Both the GBB Epic Star woods and irons incorporate the same core technologies found in the popular Epic driver, fairway woods, hybrids and irons. That includes extensive use of carbon composite materials in the crown and sole, comprising nearly half of the head’s total construction and a crown that weighs under 10 grams. The GBB Epic Star driver also uses the internal supporting rods structure behind the face designed to concentrate the flexing of the face across a wider area, what the company calls “Jailbreak Technology.”
While the GBB Epic Star driver’s design saves weight (seven grams) through not having an adjustable hosel, it does feature an 11-gram sliding weight in the rear perimeter of the sole designed to move the center of gravity toward the heel for more draw bias.
The GBB Epic Star driver uses a slightly lighter than standard grip (41-gram J200 from Golf Pride, about 5-20 grams lighter than many standard grips) and a super lightweight Mitsubishi Grand Bassara shaft that weighs less than 40 grams, or about a third lighter than typical graphite shafts used on the standard version of the Epic driver. The overall weight is in the 286-289-gram range about 20 grams lighter than the standard Epic driver and the lightest driver in the company’s current arsenal. Unlike some ultra-lightweight drivers with swing weights of D3, D4 or even D5, the GBB Epic Star will have a D0 swingweight, three points lighter than the standard Epic.
The GBB Epic Star fairway woods continue the lighter theme with a sub-50 gram version of the Grand Bassara shaft. Like the standard Epic fairway woods, they feature a cupface design where the face insert wraps around the crown and sole to provide better rebound. The lightweight carbon composite crown allows more mass to be distributed to the perimeter for more off-center hit forgiveness.
The GBB Epic Star hybrids use a forged 455 steel cupface for improved ball speeed, but provide more swing speed potential with a 50-gram Grand Bassara shaft that’s about 25 percent lighter than typical hybrid shafts. An internal, wave-like, metal-injection-molded tungsten weight pad lowers the center of gravity to improve launch.
The GBB Epic Star irons take their technology cue from the Epic irons, although with amendments geared to servicing the needs of slower swingers. They maintain the core technology of the Epic’s lightweight but stable structure that features a thin cupface supported by two rear beams that work somewhat like the support rods in the Epic driver.

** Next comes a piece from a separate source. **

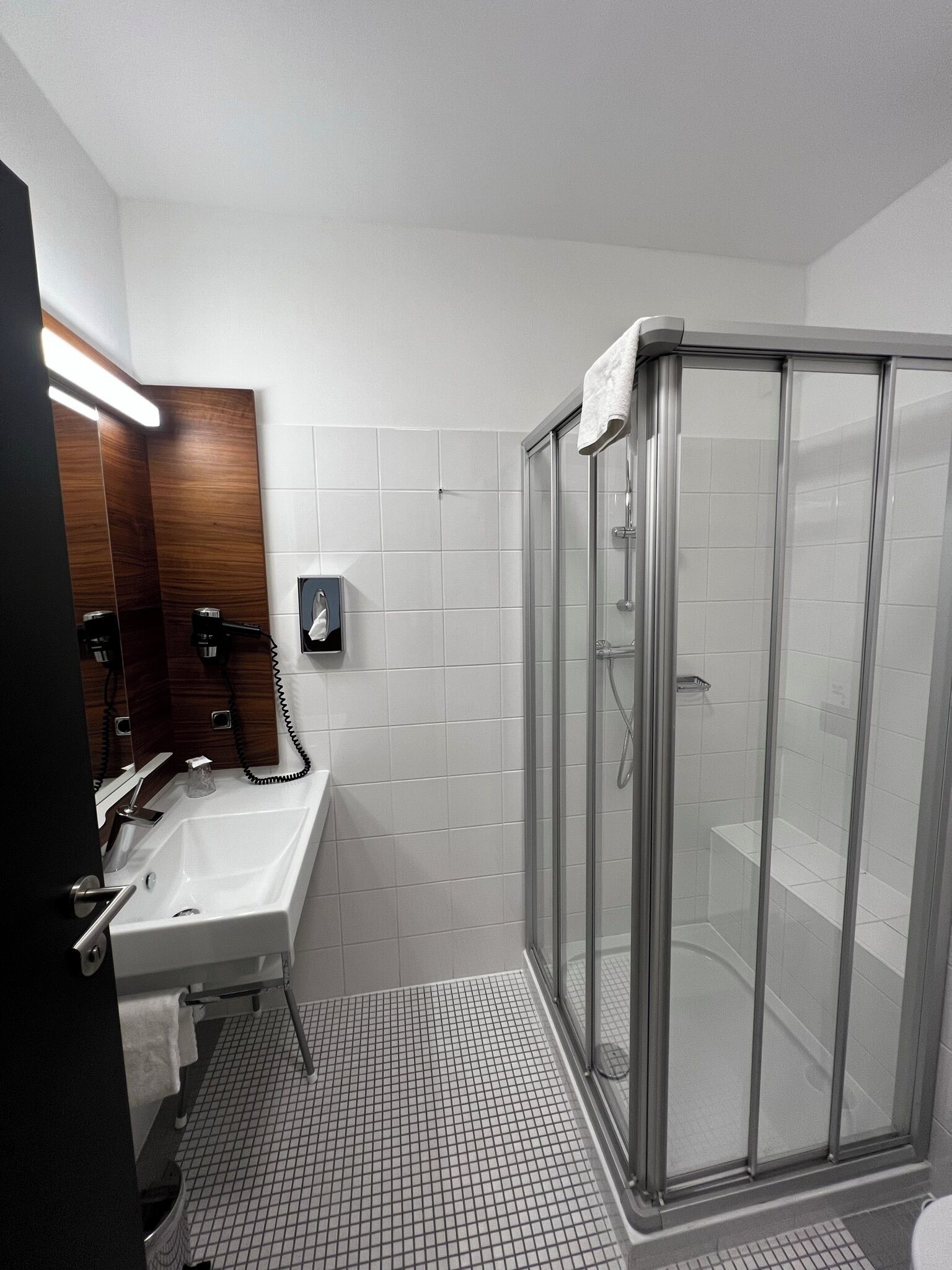 business single room | bathroom | shower, free toiletries, hair dryer, towels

The GBB Epic Star irons use longer lengths and stronger lofts to go with lighter weight to provide distance opportunities for those players lacking natural speed. The set starts at the 4-iron and the lengths stay consistently a half-inch longer compared to the standard Epic irons, while the lofts get progressively stronger through the set. That starts with an 18.5-degree 4-iron (two degrees stronger than the standard Epic) and continues with a 26-degree 7-iron (four degrees stronger than the standard Epic) and a 39-degree pitching wedge (five degrees stronger than the standard Epic).
The GBB Epic Star line’s use of lighter materials, particularly the high-end and ultralight Mitsubishi Grand Bassara shafts, also make for higher prices through the line. As such, they will be offered in limited quantities to select retailers and golf clubs.
The GBB Epic Star driver (10.5, 12 degrees; $700), fairway woods (15, 18, 21 degrees; $400 per club), hybrids (18, 20, 23 degrees; $300 per club) and irons (4-iron through sand wedge; $300 per club) will be available September 29.